Tribal leaders in Montana, the U.S. and Canada say Wyoming’s unanimous decision to hunt up to 22 grizzly bears outside Yellowstone and Grand Teton National Parks this year strikes a devastating blow to tribal communities.
On a press conference call Wednesday, tribal leaders said they were not adequately consulted about management of an animal they consider sacred.
Tom Rodgers is a lobbyist and member of the Blackfeet Tribe in Montana. He called on Montana’s Senators Steve Daines and Jon Tester to do what he called the right thing.
"Today we're calling upon you, our elected representatives, to demonstrate the moral courage and set aside the ego of people who would seek to hunt and kill these sacred beings. Because that's what it is. There is no glory and honor, no glory and honor, in killing a grizzly," Rodgers said.
The U.S. Fish and Wildlife Service removed federal Endangered Species Act protections for grizzlies in the Greater Yellowstone Ecosystem last year, leaving Wyoming, Montana and Idaho in charge of the animals’ future management. Montana declined to institute a hunt this year. Idaho will offer a single grizzly bear tag this fall.
Brandon Sazue, Chairman of the Crow Creek Sioux Tribe in South Dakota, said that removing protections for grizzly bears could open up treaty and traditional lands for new oil and gas development.

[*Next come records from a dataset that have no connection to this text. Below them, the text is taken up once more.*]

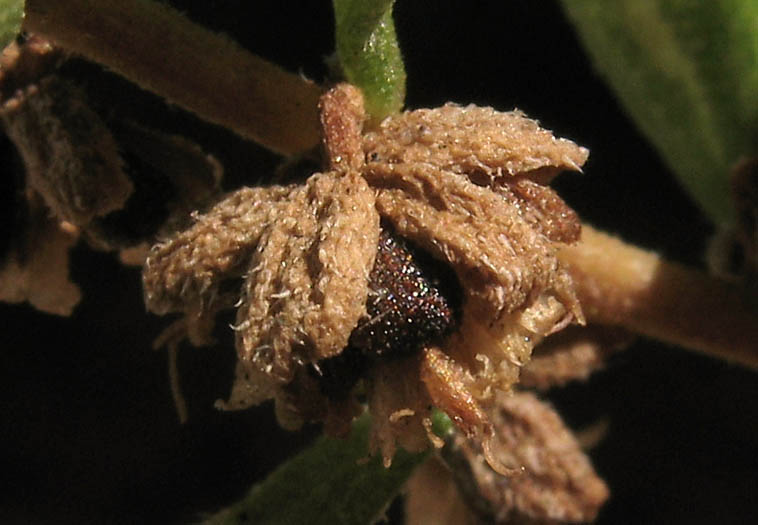 Detailed Picture 1 of San Diego Marsh-elder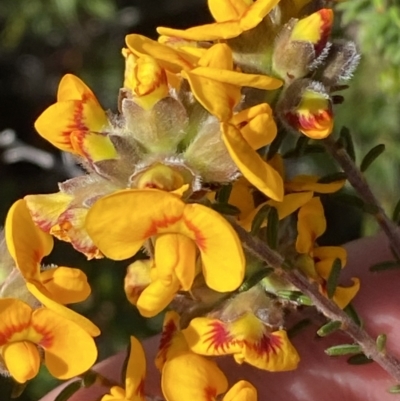 Dillwynia brunioides (Sandstone Parrot-pea) at Sassafras, NSW - 2 Oct 2023 by Tapirlord
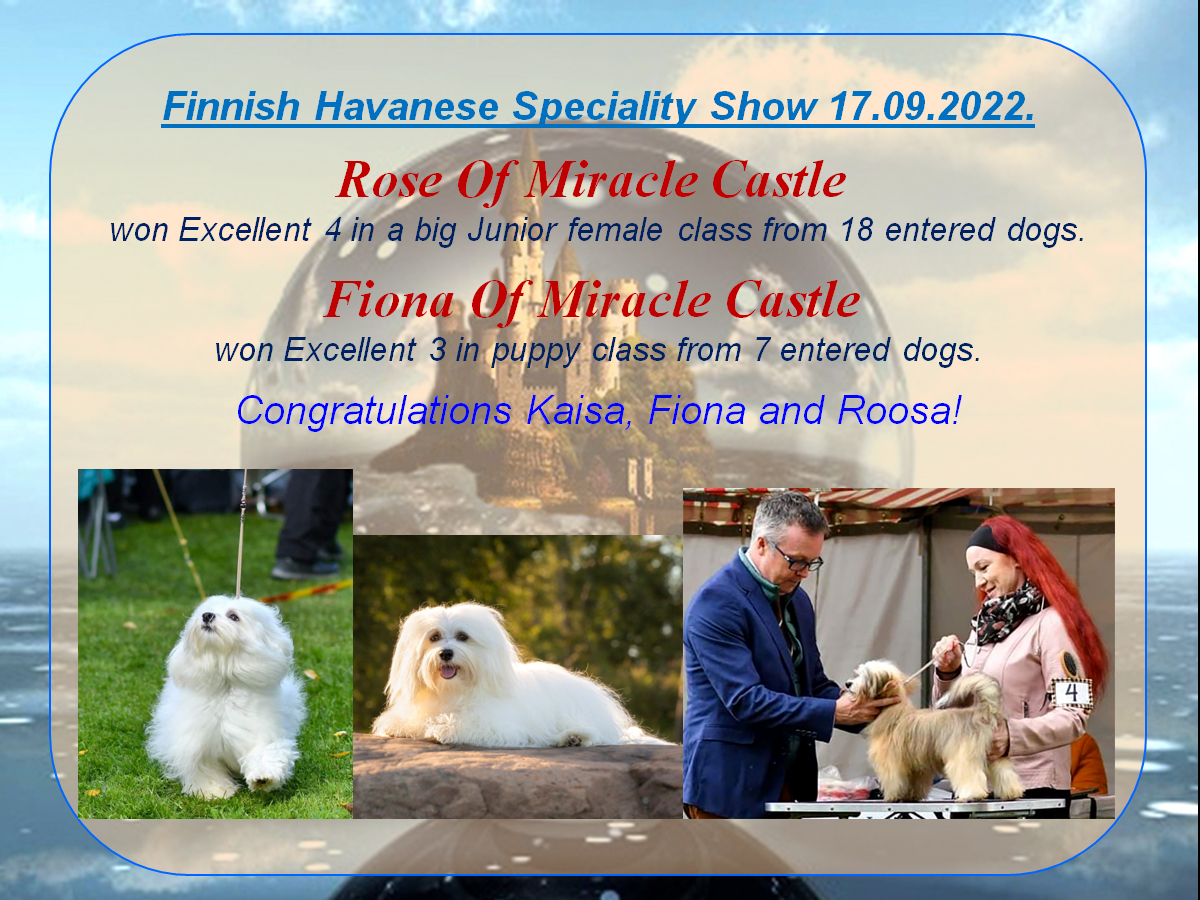 Havanese Of Miracle Castle show news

"Wyoming's trophy hunt is one part of the desecration of the sacred. The other will be extractive industry moving into sacred tribal lands here, now that restrictions have been lifted on land usage and leases by removing the grizzly bears' ESA status."
Sazue also worries that hunting Yellowstone area bears could affect grizzlies in the Northern Continental Divide Ecosystem. The U.S. Fish and Wildlife Service is considering removing protections for those bears later this year.

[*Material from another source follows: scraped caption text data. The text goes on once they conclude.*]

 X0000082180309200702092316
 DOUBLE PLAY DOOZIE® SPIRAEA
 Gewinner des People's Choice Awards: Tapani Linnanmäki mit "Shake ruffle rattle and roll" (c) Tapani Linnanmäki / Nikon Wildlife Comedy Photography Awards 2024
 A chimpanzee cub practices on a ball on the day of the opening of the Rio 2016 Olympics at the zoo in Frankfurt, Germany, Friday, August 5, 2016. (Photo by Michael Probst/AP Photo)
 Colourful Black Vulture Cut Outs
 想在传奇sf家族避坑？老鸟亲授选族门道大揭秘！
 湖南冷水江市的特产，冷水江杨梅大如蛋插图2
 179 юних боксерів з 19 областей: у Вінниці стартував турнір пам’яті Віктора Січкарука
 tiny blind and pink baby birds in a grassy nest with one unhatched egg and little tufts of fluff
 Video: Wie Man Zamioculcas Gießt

"What you are going to end up with is, essentially, zoo populations which are genetically isolated from one another. As soon as this trophy hunt starts, that's the end of any possible linkage between those two populations," Sazue said.

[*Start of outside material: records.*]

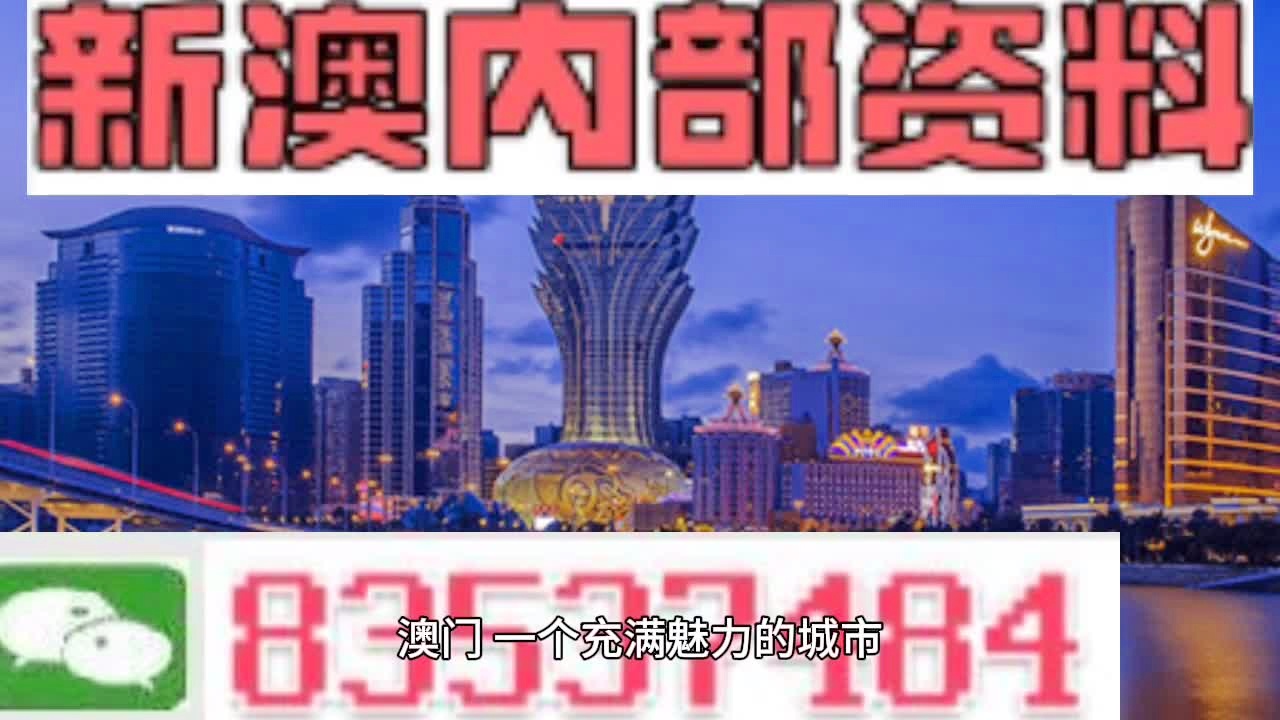 新港澳門免費資料長期公開,新港澳門免費資料長期公開，探索與啟示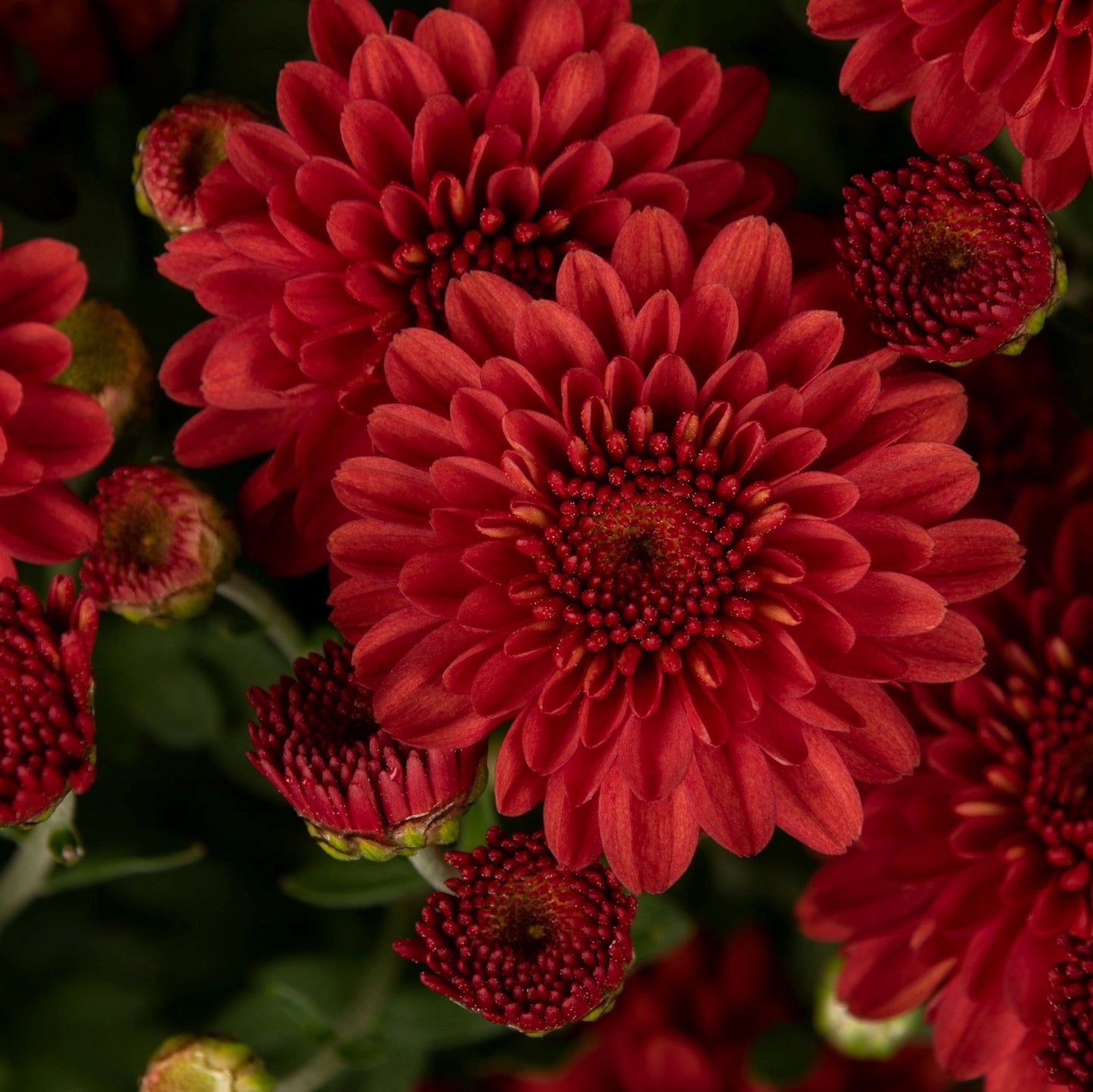 Garden Mum | Hailey Red Bronze - 1 Quart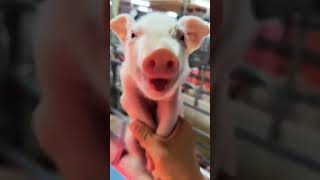 Download lagu BABI KETAWA mp3 Download lagu BABI KETAWA mp3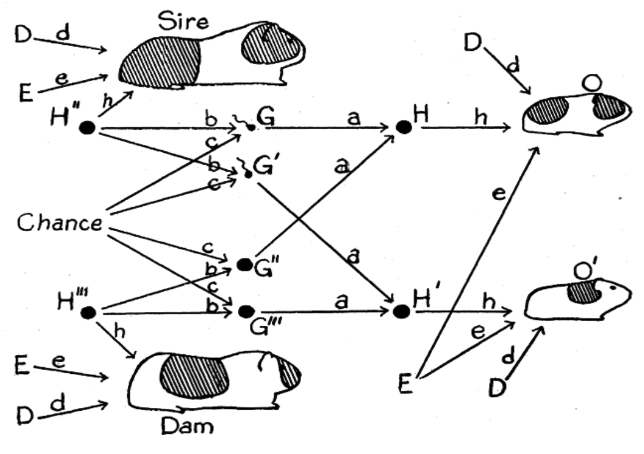 Hand-drawn diagram of two large guinea pigs labeled Sire and Dam on the left and two smaller guinea pigs labeled O and O' (read as O-prime) on the right with lots of arrows pointing from left to right, from the parents to the offspring, labeled with variations of upper and lower case letters including, a, b, c, d, e, g, and h, with the word Chance written at the farthest left with arrows pointing from it to all of the depicted individuals (pigs) and effects (lines).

Wildlife managers disagree that the hunt will threaten their goal for connectivity between Yellowstone and Northern Continental Divide grizzly populations.
Sazue added that 170 tribes have signed onto a treaty that suggests relocating excess bears to tribal lands instead of using hunting as a tool for population management.
Conservationists have expressed both support and opposition to the hunt.
Some say that hunting is a necessary management tool that grows support for large carnivores. Ranchers also said hunting bears can limit cattle and livestock depredation.
Others say the grizzly population is still too delicate and poorly understood to support a hunt, and that hunting would not reduce conflicts or distribute the population.
Wyoming’s fall hunt will run from September 15 through November 15. Licenses will cost $600 for Wyoming residents and $6,000 for out-of-staters.
There are an estimated 700 bears in the area, up from 136 when grizzlies were listed as an threatened species in 1975.